Optimal Needle Placement for Ultrasound-Guided Knee Joint Injections or Aspirations

Boqing Chen1, Lawrence P Lai1*, Nitin Putcha2, Todd P Stitik1, Patrick M Foye1 and Joel A DeLisa1
1New Jersey Medical School, Department of Physical Medicine and Rehabilitation, Newark, NJ, USA
2University of Miami Miller School of Medicine, Miami, Florida, USA
Corresponding Author : Lawrence P Lai
Department of Physical Medicine and Rehabilitation
New Jersey Medical School, NJ, USA
Tel: 1 973-972-4783
E-mail: [email protected]
Received September 15, 2014; Accepted October 24, 2014; Published October 26, 2014
Citation: Chen B, Lai LP, Putcha N, Stitik TP, Foye PM, et al. (2014) Optimal Needle Placement for Ultrasound-Guided Knee Joint Injections or Aspirations. J Trauma Treat 3:216. doi:10.4172/2167-1222.1000216
Copyright: © 2014 Chen B, et al. This is an open-access article distributed under the terms of the Creative Commons Attribution License, which permits unrestricted use, distribution, and reproduction in any medium, provided the original author and source are credited.
 

Abstract

Although the inferomedial and inferior midline approaches are commonly used for intra-articular injection or aspiration of the knee joint, they may not be ideal for optimal needle placement. With these approaches, the fat pad may be contacted, which may lead to the injection of medication in the incorrect region, cause severe pain during the injection procedure, or present a false sign of low yield of fluid aspiration.

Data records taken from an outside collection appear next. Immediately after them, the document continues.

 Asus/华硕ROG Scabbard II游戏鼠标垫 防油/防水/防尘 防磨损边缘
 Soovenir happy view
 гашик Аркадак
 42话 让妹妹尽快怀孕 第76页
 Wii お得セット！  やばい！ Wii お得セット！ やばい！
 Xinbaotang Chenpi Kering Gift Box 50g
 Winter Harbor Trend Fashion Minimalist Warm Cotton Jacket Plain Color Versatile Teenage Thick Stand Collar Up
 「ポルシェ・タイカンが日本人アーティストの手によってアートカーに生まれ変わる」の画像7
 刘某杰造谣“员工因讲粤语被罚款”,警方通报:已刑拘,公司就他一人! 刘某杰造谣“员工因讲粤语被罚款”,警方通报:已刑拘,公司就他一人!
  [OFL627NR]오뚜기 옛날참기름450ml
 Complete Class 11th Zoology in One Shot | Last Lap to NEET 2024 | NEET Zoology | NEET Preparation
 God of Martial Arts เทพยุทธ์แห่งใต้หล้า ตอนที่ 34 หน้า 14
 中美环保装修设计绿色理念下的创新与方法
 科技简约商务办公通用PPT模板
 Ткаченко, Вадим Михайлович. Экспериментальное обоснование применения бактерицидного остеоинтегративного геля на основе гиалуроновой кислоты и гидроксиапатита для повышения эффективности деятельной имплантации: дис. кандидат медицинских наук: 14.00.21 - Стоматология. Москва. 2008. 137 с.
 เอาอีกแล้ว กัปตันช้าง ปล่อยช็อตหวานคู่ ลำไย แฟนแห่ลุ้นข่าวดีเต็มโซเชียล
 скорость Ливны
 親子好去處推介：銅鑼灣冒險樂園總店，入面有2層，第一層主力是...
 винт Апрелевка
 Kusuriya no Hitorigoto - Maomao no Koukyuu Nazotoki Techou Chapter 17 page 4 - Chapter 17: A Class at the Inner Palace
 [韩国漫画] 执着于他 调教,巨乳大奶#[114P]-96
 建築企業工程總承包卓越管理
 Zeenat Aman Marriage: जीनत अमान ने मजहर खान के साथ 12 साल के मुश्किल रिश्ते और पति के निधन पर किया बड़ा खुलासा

Therefore, the objective of this study was to compare various approaches for knee injection and aspiration to identify the optimal one for needle placement. In this retrospective study, the ultrasound images of bilateral knee joints in 33 consecutive patients with knee pain were studied. This patient population was divided into two groups: Group A with knee effusions (n=10) and Group B without knee effusions (n=23). The results showed that among 90% of patients in Group A and 100% of patients in Group B, the superolateral view allowed visualization of the greatest amount of intra-articular knee fluid and the least amount of fat pad. In conclusion, the ultrasound-guided superolateral approach appears to be an optimal approach for knee intra-articular injection or aspiration compared to the conventional inferomedial and inferior midline approaches.